Under the law RCW 26.44.030, specific individuals must report abuse or neglect of children to law enforcement or Child Protective Services (CPS). These “mandatory reporters” include:
- Professional school personnel
- Registered/licensed nurses or social service counselors
- Licensed or certified childcare providers or their employees
- Supervisors of staff or volunteers who coach, train, educate, counsel, or have regularly unsupervised access to children
What is required?
Any mandatory reporter who has “reasonable cause” to believe that a child has suffered abuse or neglect must report it, and the report must include the identity of the accused if known.
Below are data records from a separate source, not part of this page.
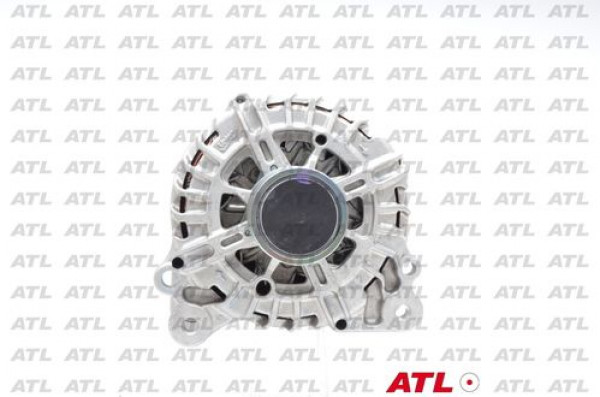 ATL Autotechnik L 51 730 - Generator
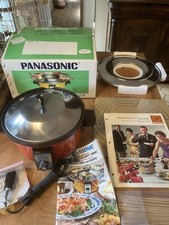 New vintage panasonic for sale  Redwood City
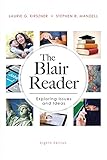 Blair Reader, The, Plus MyWritingLab with Pearson eText -- Access Card Package (8th Edition)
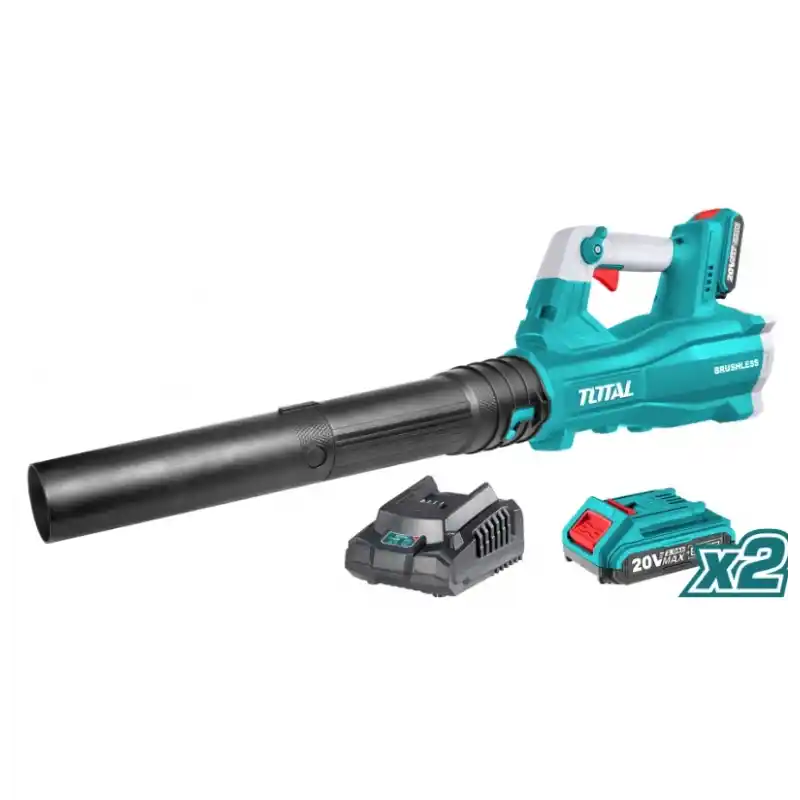 Total TABLI20428E Akülü Hava Üfleme Makinesi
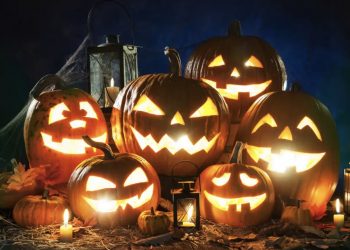 PUMPKINS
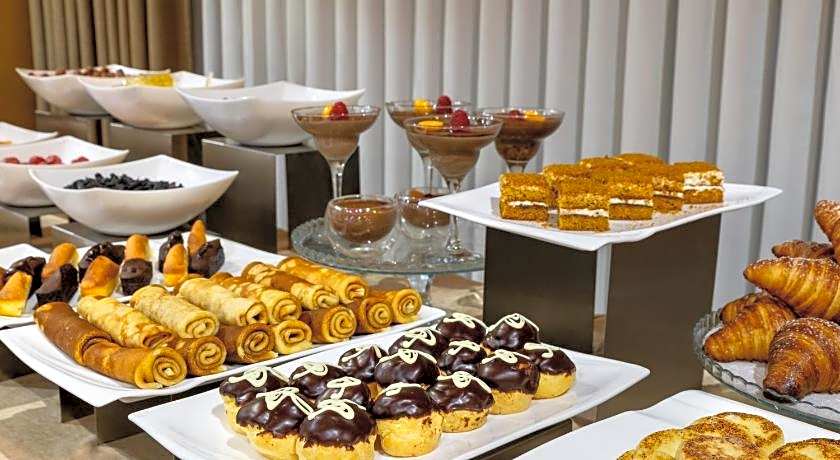 Wyndham Garden Tashkent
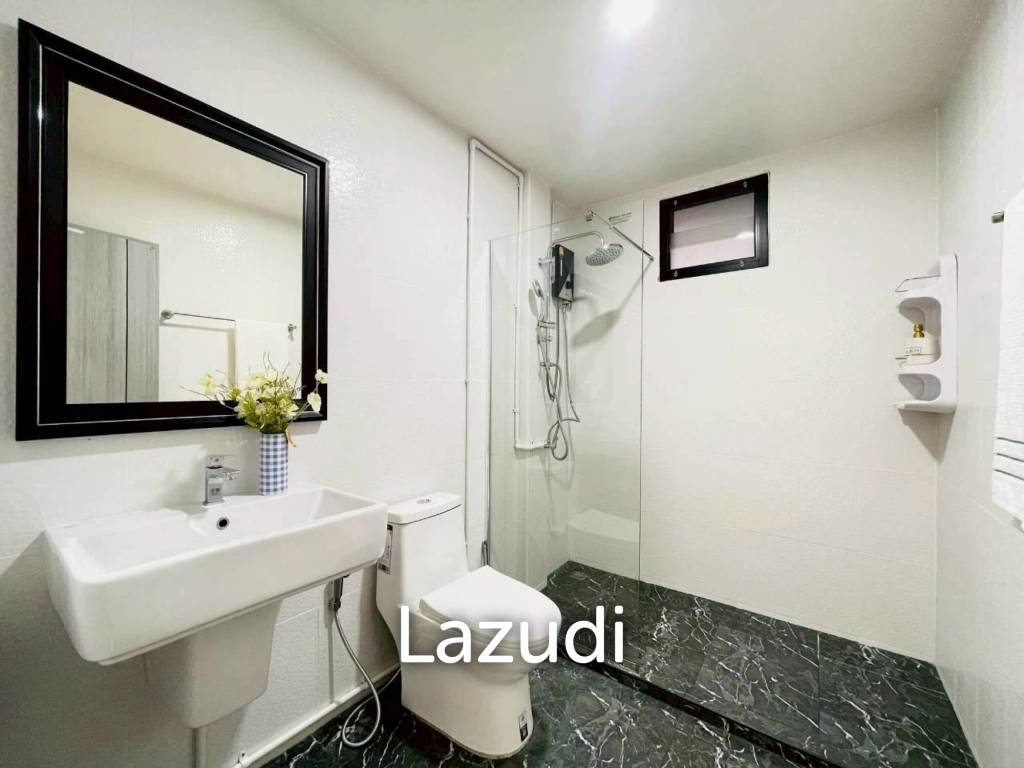 Modern Detached House for Sale in East Pattaya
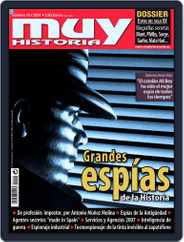 Muy Historia - España (Digital) Subscription                    February 26th, 2007 Issue
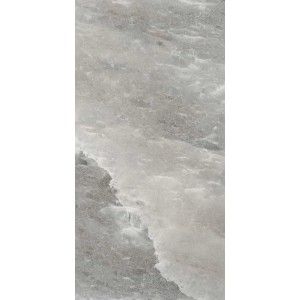 ROCK SALT CELTIC GREY GLOSSY 6MM 120X240 RECTIFIED - CERIM 766913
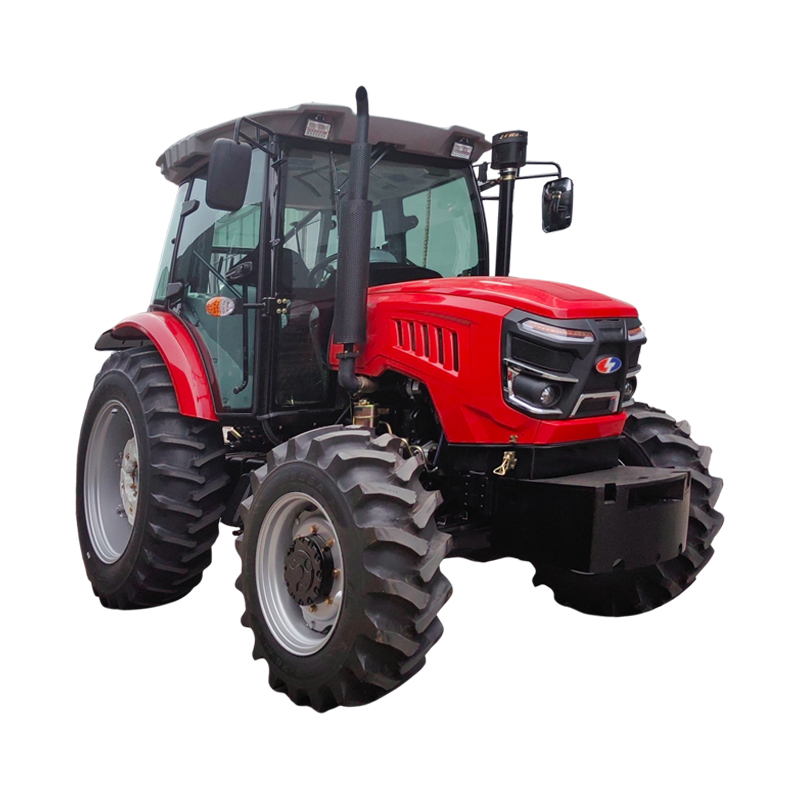 100HP-120HP Tractor-STB1004-STB1204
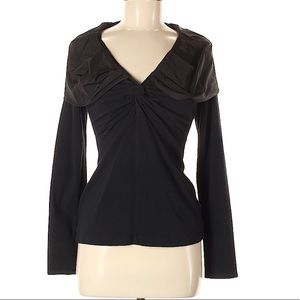 Cabi blouse size m in good used condition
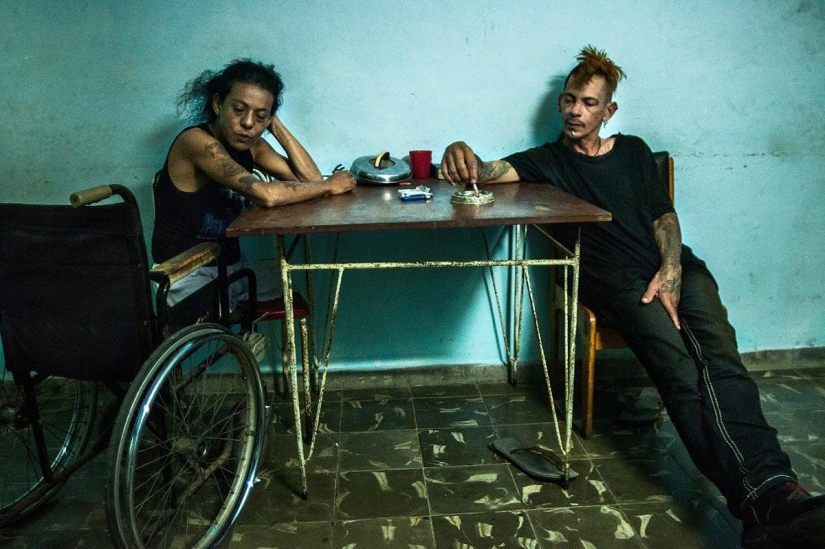 Cuban punks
“Reasonable cause” means a person witnesses OR receives a credible written or oral report alleging abuse, including sexual contact or neglect of a child. The report must be made at the first opportunity but no longer than forty-eight hours after there is reasonable cause to believe that a child has suffered abuse or neglect.
The updated 2019 definition no longer allows mandatory reporters a reasonable time to investigate allegations before making a report. If there are allegations of abuse or neglect, a report must be made within the required time frame, regardless of whether the reporter believes the allegation is true. This can be an emotionally challenging experience. Anyone who knowingly fails to make a mandatory report within the compulsory timeframe is considered guilty of a gross misdemeanor.
There has been a significant increase in law enforcement officers pursuing criminal charges against individuals who fail to report. In one case, a school administrator was charged criminally for failing to report promptly an incident that happened at school, even though the victim’s family had already reported the incident to law enforcement, and the perpetrator was immediately expelled and had no further contact with the victim.